Samsung Z-SSD(TM) and ScyllaDB: Low Latency in a Persistent Database
New analysis of Samsung’s low latency Z-SSD shows major performance gains when the recently-introduced drive is integrated with the Scylla data store. In this whitepaper, Samsung has closely examined the performance of Scylla — an open-source, high-performance NoSQL data store — on Z-SSD in comparisons with in-memory based architectures. The study also looked at the cost-effectiveness of one solution over the other.
With several vertical optimizations in its embedded NAND, SSD controller and SSD memory, Z-SSD reduces read latency more than 5x compared to today’s leading NVMe SSDs.
In our tests, we used Scylla, with its well written C++ implementation, as a drop-in replacement for Cassandra. We compared the performance of Scylla when serving requests from memory and when handling them from Samsung’s Z-SSD. To this end, we have characterized system performance as well as overall throughput and latency, using the well-known Cassandra-stress tool [3]. This whitepaper reports our findings, and makes the following observations:
- Samsung Z-SSD has shrunk the performance gap between serving data from memory and having the data served from the SSD.

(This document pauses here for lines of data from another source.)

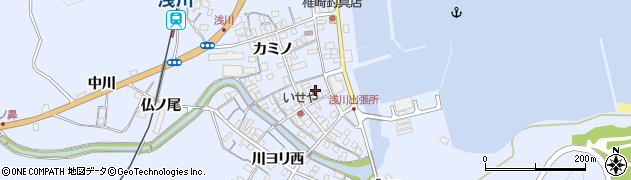 徳島県海部郡海陽町浅川川ヨリ東25周辺の地図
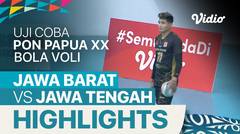 Highlights | Jawa Barat 3 vs 0 Jawa Tengah | Uji Coba Bola Voli PON XX Papua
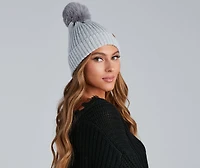 Cozy Up Knit Pom Beanie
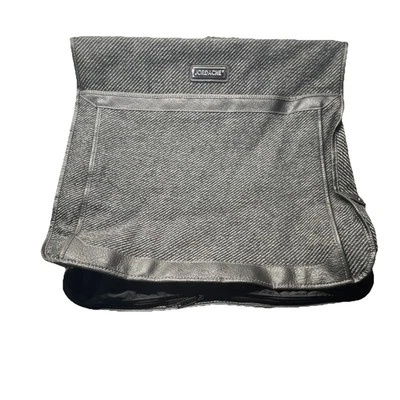 Vintage 80s Jordache Hanging Garment Bag And Carry On Bag Gray Tweed - Image 1 of 4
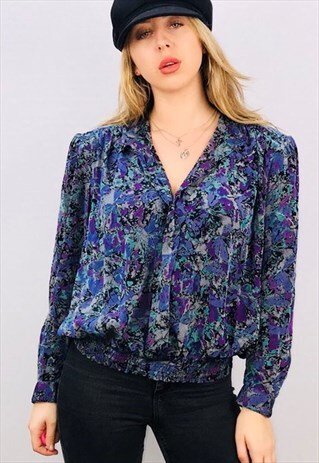 VINTAGE OVERSIZED PATTERN SHIRT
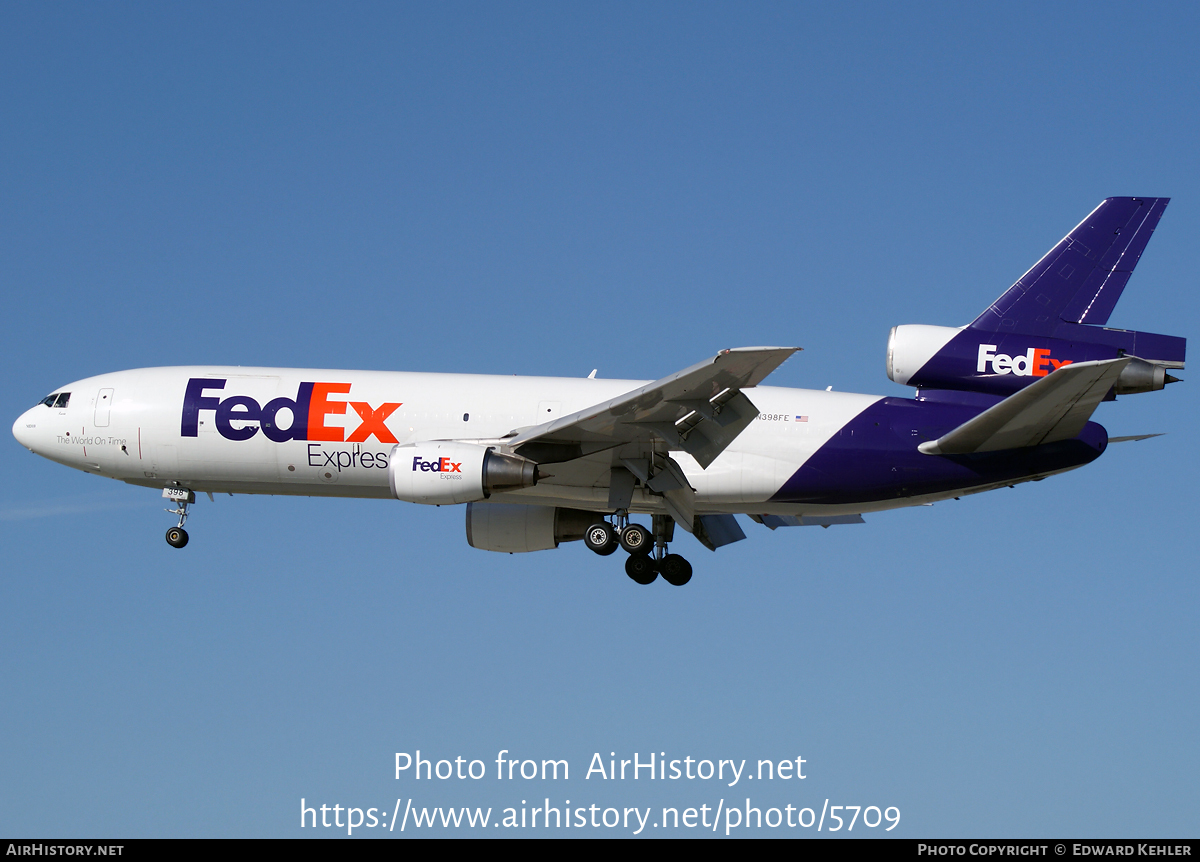 Aircraft Photo of N398FE | Boeing MD-10-10F | FedEx Express ...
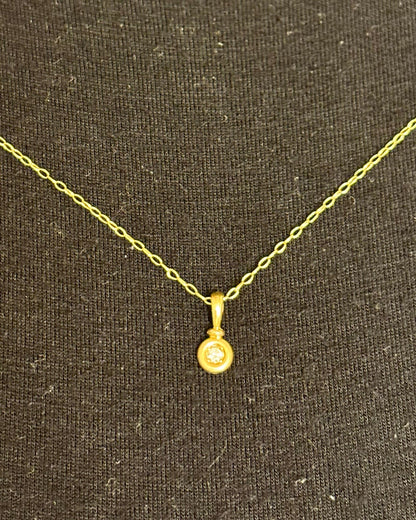 Pendentif Diamant "Céleste" - Elliade Paris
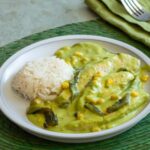 Pollo con chile poblano fácil y cremoso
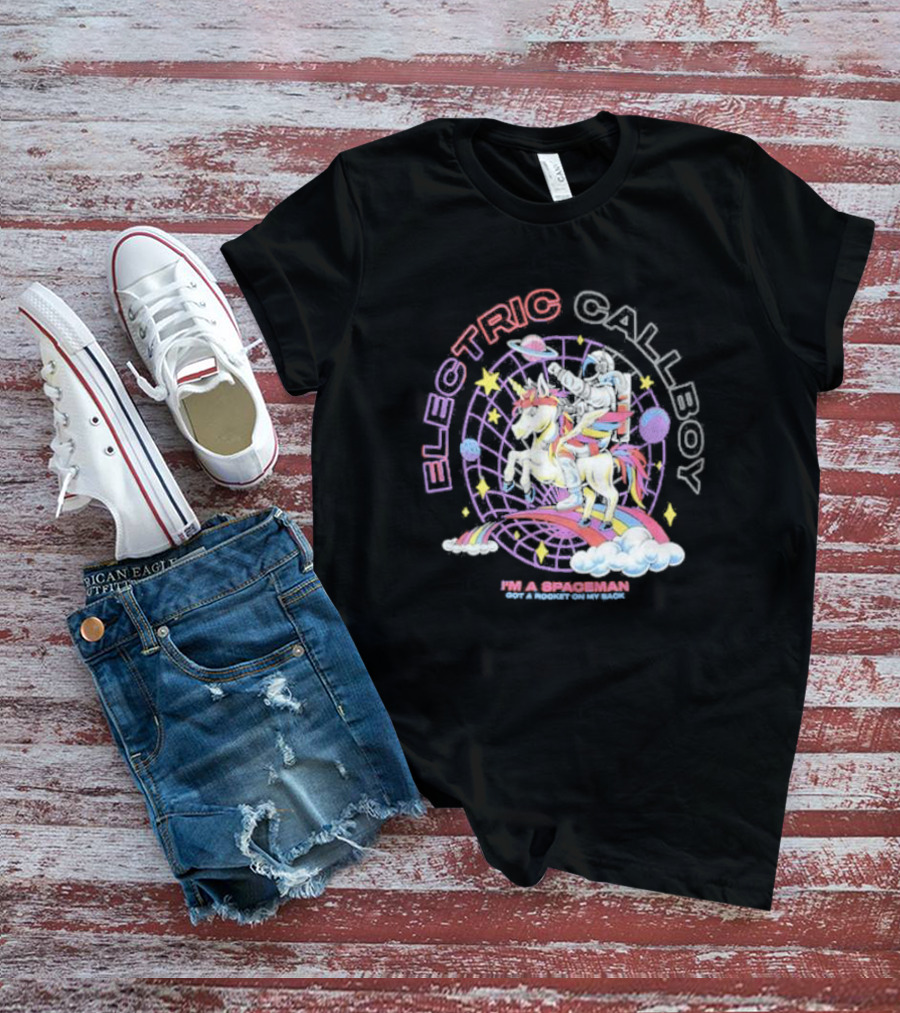 Electric Callboy I'm A Spaceman Got A Rocket On My Back T-Shirt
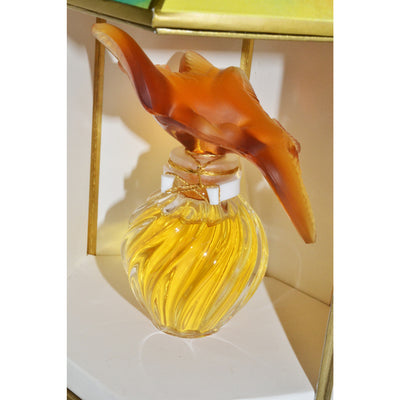 Vintage L'Air Du Temps Parfum By Nina Ricci Lalique Amber Doves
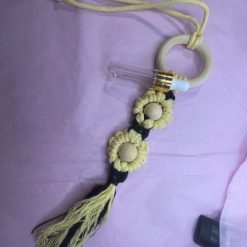 Wooden Ring & Macrame Car Freshener (Large) 9 Wooden Ring & Macrame Car Freshener (Large) 11
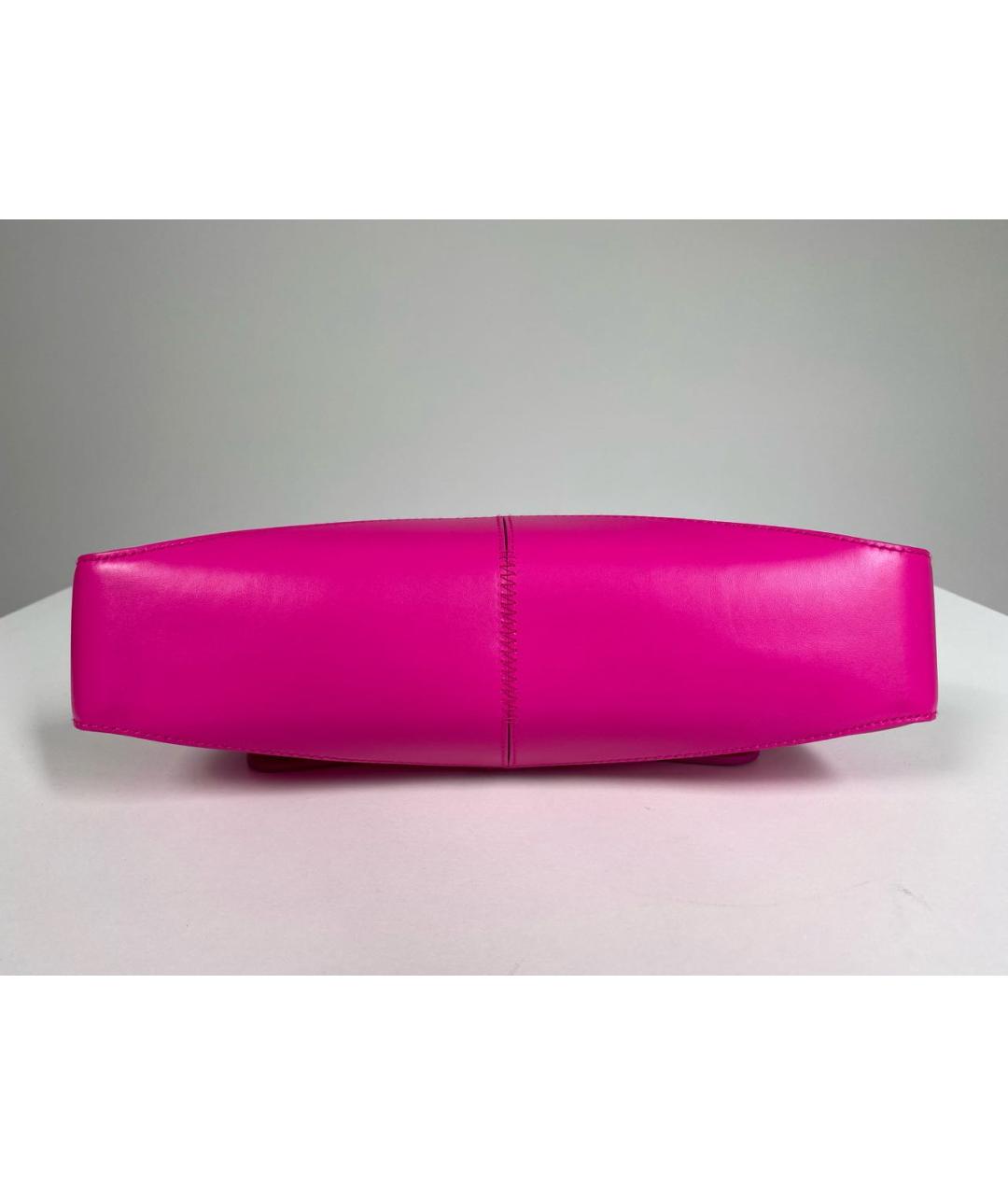 BALENCIAGA Розовая кожаная сумка с короткими ручками, фото 4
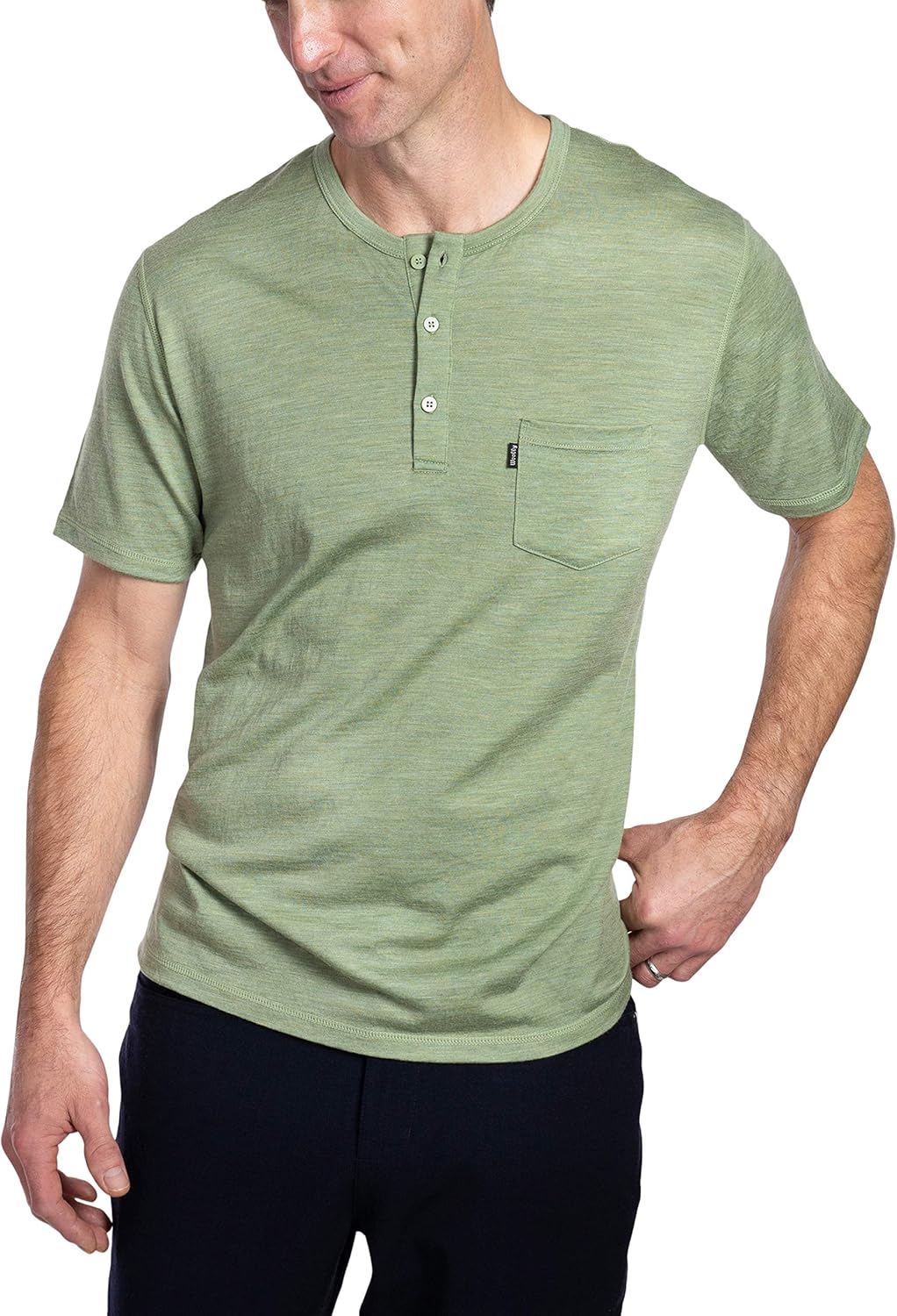 Woolly Clothing Men S Merino Wool Henley Tee Shirt Everyday Weight Wicking Breathable Anti Odor At Amazon Men S Clothing Store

- When considering maximum throughput with a constraint of sub-millisecond, 95 percentile latency, and with 50% of requests served from Z-SSD, we have found that the gap between Z-SSD and an in-memory run is only 44% for a read-only workload, and only 40% for a mixed workload (75% read, 25% write).
- While Scylla provides a high performance NoSQL service, the overheads of the software stack are considerable – between 6x to 7x compared to the raw device latencies measured with FIO. Further optimizations in the software layer are expected to decrease the gap between SSDs and memory to an even more advantageous level.
Ha Dor Laor, you can tell me ;-). Looks like SycllaDB uses libaio to write/read data to an XFS filesystem. Do I have that correct? If not can you pass along a pointer to how storage is supported/done? Great results BTW ;-)....
Amazing drive, couldn't ask for a better one!
Another great piece of work from your team Bob Brennan! Can I ask how ScyllaDB servers access the NVMe Z-NAND SSD? Is it via the Linux kernel (i.e. through system calls, the block layer and the NVMe driver) or via some user-space framework?